- DATA SHOWN
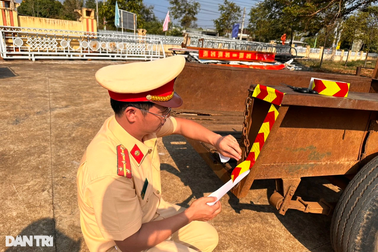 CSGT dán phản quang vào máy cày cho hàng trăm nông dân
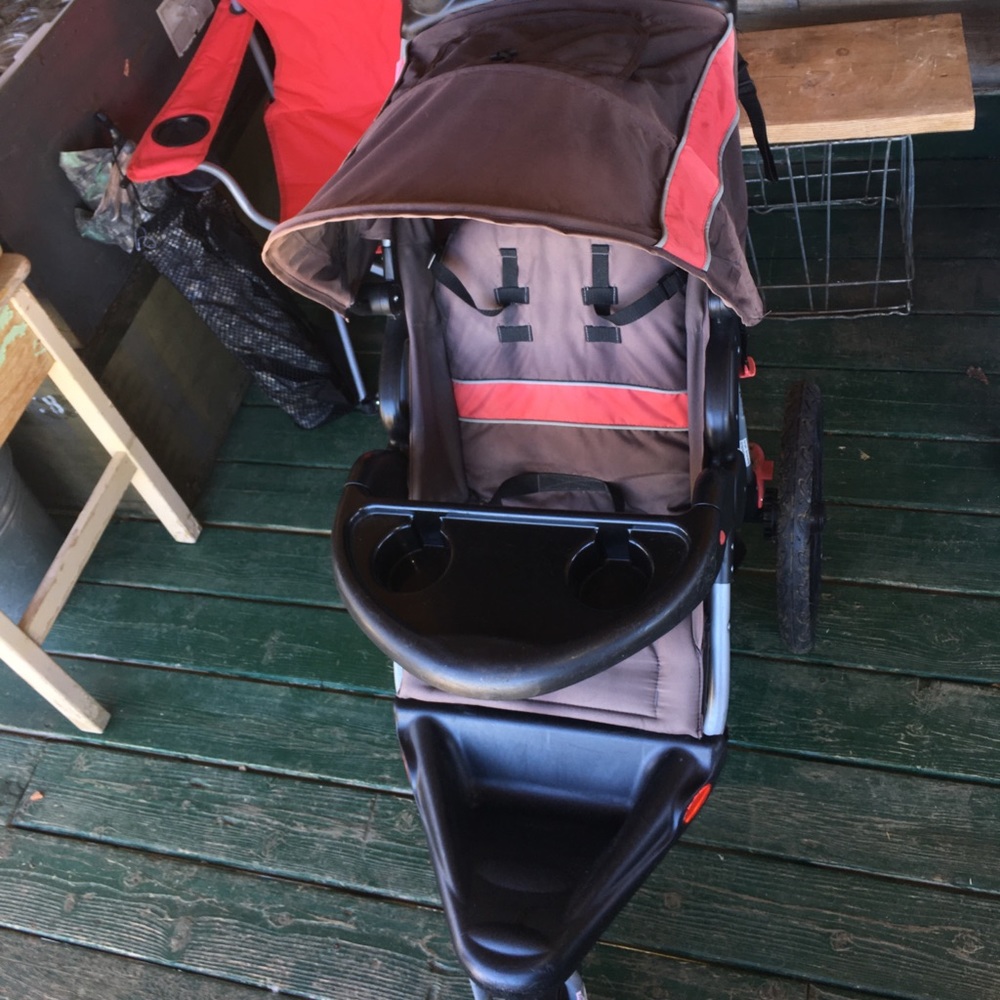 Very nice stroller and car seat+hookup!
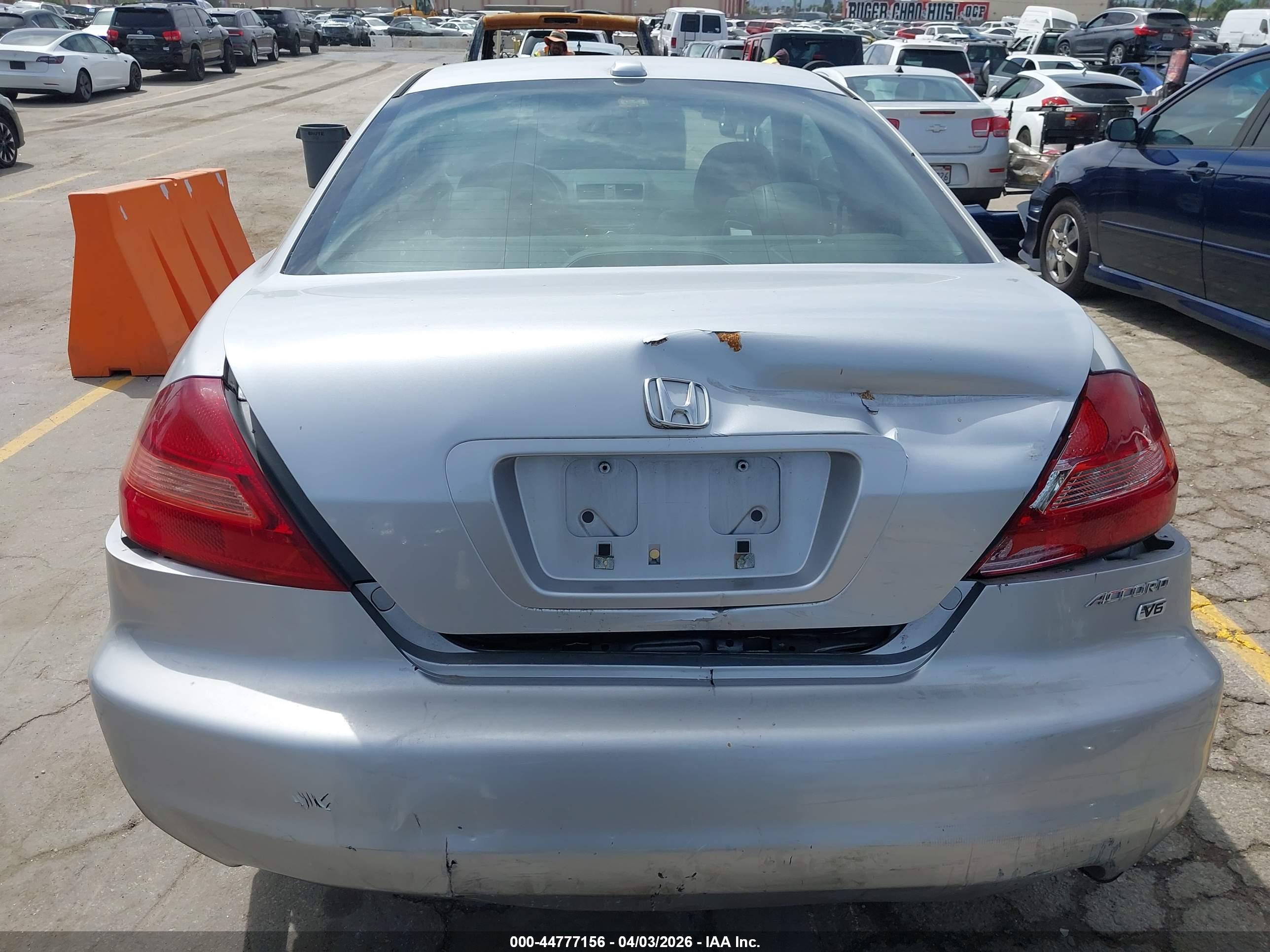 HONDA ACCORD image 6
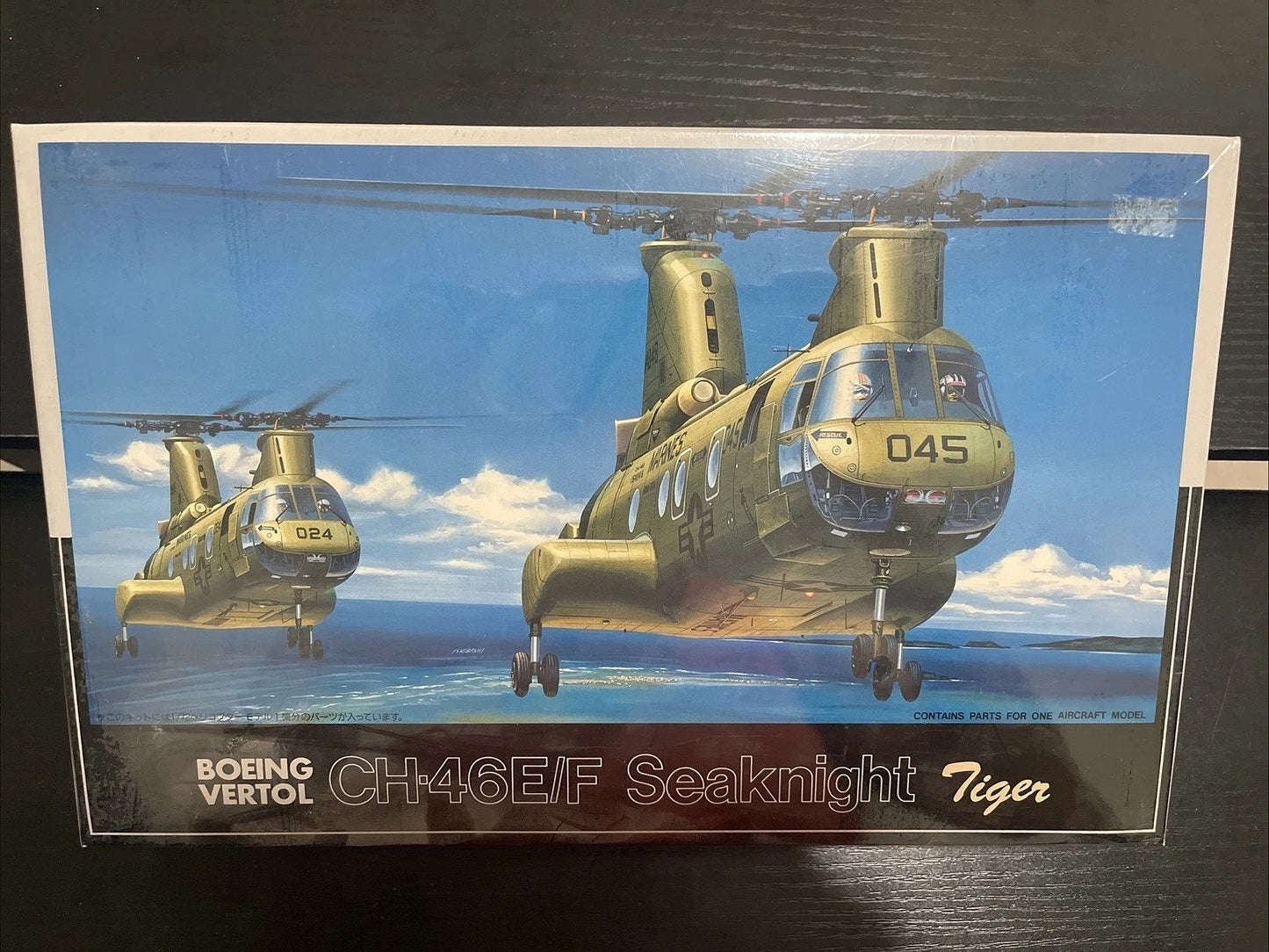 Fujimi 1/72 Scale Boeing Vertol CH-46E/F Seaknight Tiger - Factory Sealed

- EXERCISE REQUIREMENTS
Repeat the listing above exactly, omitting the pictures it contains.

- SOLUTION FOR THIS TASK
 CSGT dán phản quang vào máy cày cho hàng trăm nông dân
 Very nice stroller and car seat+hookup!
 HONDA ACCORD image 6
 Fujimi 1/72 Scale Boeing Vertol CH-46E/F Seaknight Tiger - Factory Sealed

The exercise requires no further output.